## [Try it]
A faithful copy is required. Print each line of the data exactly and omit the pictures.

== Data for analysis ==

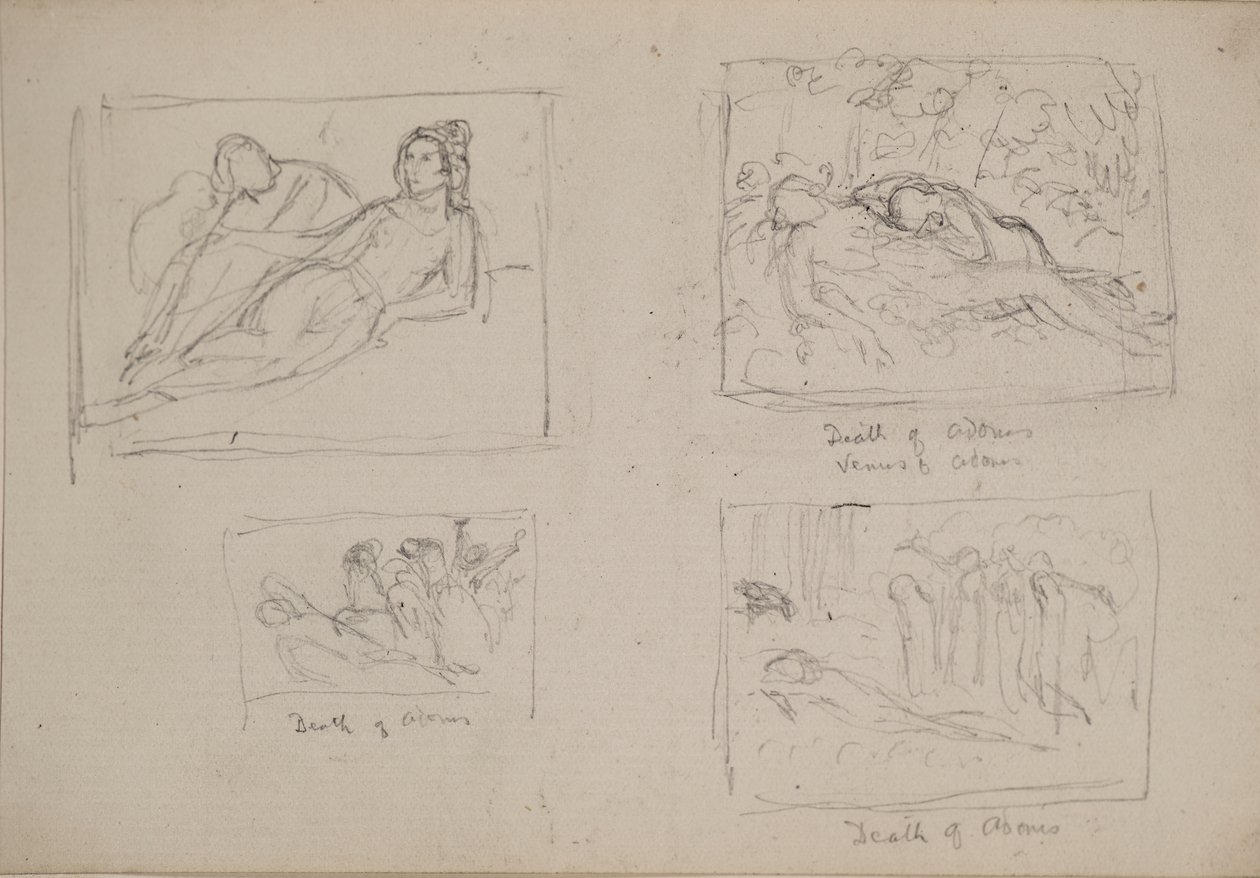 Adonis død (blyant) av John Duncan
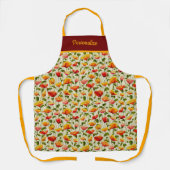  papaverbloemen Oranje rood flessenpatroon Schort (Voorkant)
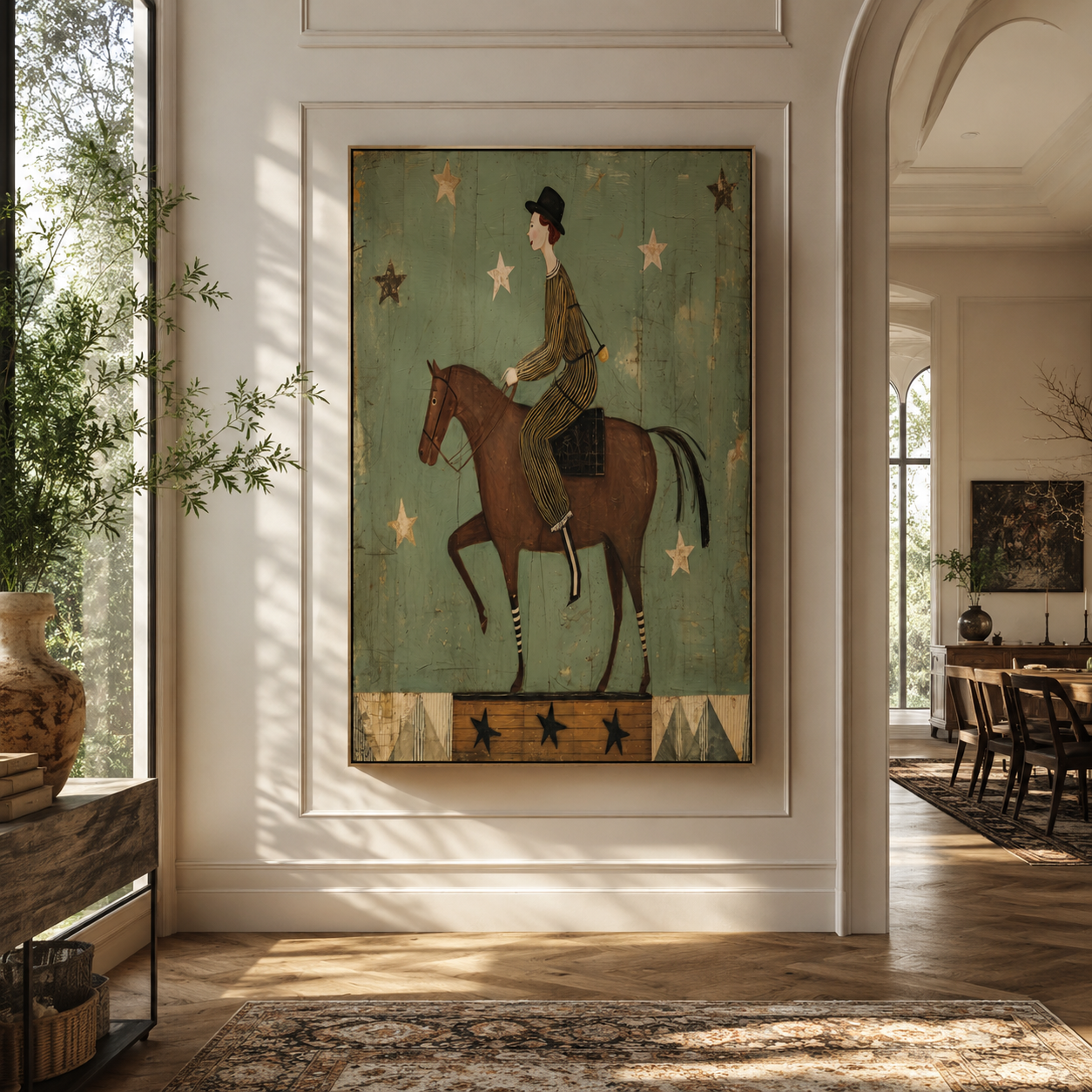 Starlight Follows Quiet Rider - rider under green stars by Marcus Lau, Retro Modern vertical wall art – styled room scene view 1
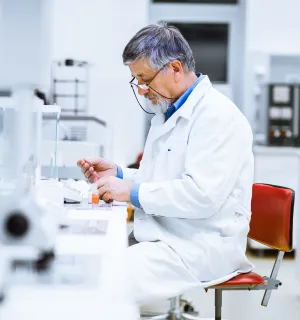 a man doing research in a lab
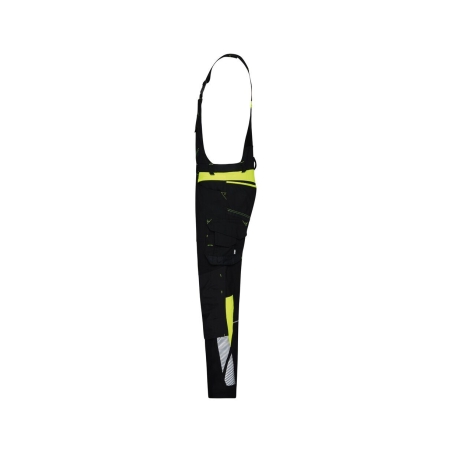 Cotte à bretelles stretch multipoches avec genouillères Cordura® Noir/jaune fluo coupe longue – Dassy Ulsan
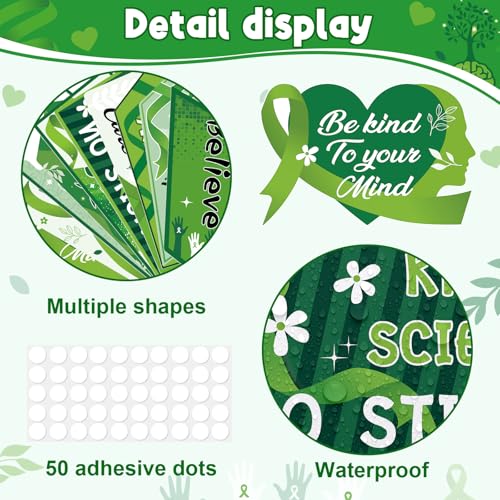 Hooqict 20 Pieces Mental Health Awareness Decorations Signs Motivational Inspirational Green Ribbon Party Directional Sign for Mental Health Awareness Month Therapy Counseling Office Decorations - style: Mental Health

===

## [Answer to this exercise]
 Adonis død (blyant) av John Duncan
  papaverbloemen Oranje rood flessenpatroon Schort (Voorkant)
 Starlight Follows Quiet Rider - rider under green stars by Marcus Lau, Retro Modern vertical wall art – styled room scene view 1
 a man doing research in a lab
 Cotte à bretelles stretch multipoches avec genouillères Cordura® Noir/jaune fluo coupe longue – Dassy Ulsan
 Hooqict 20 Pieces Mental Health Awareness Decorations Signs Motivational Inspirational Green Ribbon Party Directional Sign for Mental Health Awareness Month Therapy Counseling Office Decorations - style: Mental Health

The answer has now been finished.